» **Given records**
______________________________

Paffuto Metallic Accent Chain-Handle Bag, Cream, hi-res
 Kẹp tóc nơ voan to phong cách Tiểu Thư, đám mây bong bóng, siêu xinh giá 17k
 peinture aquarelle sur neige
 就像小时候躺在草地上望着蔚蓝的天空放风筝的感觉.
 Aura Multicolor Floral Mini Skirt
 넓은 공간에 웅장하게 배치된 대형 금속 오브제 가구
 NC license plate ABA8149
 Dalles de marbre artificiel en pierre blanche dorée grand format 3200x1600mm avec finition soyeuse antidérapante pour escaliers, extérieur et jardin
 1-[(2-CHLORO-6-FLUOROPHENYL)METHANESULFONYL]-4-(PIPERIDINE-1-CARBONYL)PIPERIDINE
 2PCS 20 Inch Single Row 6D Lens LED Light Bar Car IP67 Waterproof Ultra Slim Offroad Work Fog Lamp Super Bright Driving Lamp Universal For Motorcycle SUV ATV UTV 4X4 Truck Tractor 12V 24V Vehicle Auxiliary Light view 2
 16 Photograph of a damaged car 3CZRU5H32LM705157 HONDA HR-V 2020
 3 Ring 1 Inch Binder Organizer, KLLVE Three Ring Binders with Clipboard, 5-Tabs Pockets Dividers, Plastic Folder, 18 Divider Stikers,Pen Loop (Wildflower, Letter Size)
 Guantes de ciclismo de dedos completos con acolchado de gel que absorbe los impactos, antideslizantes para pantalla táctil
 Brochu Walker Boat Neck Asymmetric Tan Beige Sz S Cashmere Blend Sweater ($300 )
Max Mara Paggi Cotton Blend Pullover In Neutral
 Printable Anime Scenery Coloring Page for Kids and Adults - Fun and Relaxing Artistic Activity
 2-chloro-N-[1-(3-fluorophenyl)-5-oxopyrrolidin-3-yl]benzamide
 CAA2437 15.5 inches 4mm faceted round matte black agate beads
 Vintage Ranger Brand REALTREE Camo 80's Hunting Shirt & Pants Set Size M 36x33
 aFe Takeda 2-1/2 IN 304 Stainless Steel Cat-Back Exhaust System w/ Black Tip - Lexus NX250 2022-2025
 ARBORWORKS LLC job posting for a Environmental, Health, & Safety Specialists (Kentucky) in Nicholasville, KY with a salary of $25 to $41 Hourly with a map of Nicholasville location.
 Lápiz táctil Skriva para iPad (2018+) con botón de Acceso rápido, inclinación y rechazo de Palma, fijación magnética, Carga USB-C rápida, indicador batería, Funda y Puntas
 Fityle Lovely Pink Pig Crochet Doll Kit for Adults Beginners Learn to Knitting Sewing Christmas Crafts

______________________________

» **Aim of the exercise**
Restate the data exactly, keeping every line intact.

» **Result below**
Paffuto Metallic Accent Chain-Handle Bag, Cream, hi-res
 Kẹp tóc nơ voan to phong cách Tiểu Thư, đám mây bong bóng, siêu xinh giá 17k
 peinture aquarelle sur neige
 就像小时候躺在草地上望着蔚蓝的天空放风筝的感觉.
 Aura Multicolor Floral Mini Skirt
 넓은 공간에 웅장하게 배치된 대형 금속 오브제 가구
 NC license plate ABA8149
 Dalles de marbre artificiel en pierre blanche dorée grand format 3200x1600mm avec finition soyeuse antidérapante pour escaliers, extérieur et jardin
 1-[(2-CHLORO-6-FLUOROPHENYL)METHANESULFONYL]-4-(PIPERIDINE-1-CARBONYL)PIPERIDINE
 2PCS 20 Inch Single Row 6D Lens LED Light Bar Car IP67 Waterproof Ultra Slim Offroad Work Fog Lamp Super Bright Driving Lamp Universal For Motorcycle SUV ATV UTV 4X4 Truck Tractor 12V 24V Vehicle Auxiliary Light view 2
 16 Photograph of a damaged car 3CZRU5H32LM705157 HONDA HR-V 2020
 3 Ring 1 Inch Binder Organizer, KLLVE Three Ring Binders with Clipboard, 5-Tabs Pockets Dividers, Plastic Folder, 18 Divider Stikers,Pen Loop (Wildflower, Letter Size)
 Guantes de ciclismo de dedos completos con acolchado de gel que absorbe los impactos, antideslizantes para pantalla táctil
 Brochu Walker Boat Neck Asymmetric Tan Beige Sz S Cashmere Blend Sweater ($300 )
Max Mara Paggi Cotton Blend Pullover In Neutral
 Printable Anime Scenery Coloring Page for Kids and Adults - Fun and Relaxing Artistic Activity
 2-chloro-N-[1-(3-fluorophenyl)-5-oxopyrrolidin-3-yl]benzamide
 CAA2437 15.5 inches 4mm faceted round matte black agate beads
 Vintage Ranger Brand REALTREE Camo 80's Hunting Shirt & Pants Set Size M 36x33
 aFe Takeda 2-1/2 IN 304 Stainless Steel Cat-Back Exhaust System w/ Black Tip - Lexus NX250 2022-2025
 ARBORWORKS LLC job posting for a Environmental, Health, & Safety Specialists (Kentucky) in Nicholasville, KY with a salary of $25 to $41 Hourly with a map of Nicholasville location.
 Lápiz táctil Skriva para iPad (2018+) con botón de Acceso rápido, inclinación y rechazo de Palma, fijación magnética, Carga USB-C rápida, indicador batería, Funda y Puntas
 Fityle Lovely Pink Pig Crochet Doll Kit for Adults Beginners Learn to Knitting Sewing Christmas Crafts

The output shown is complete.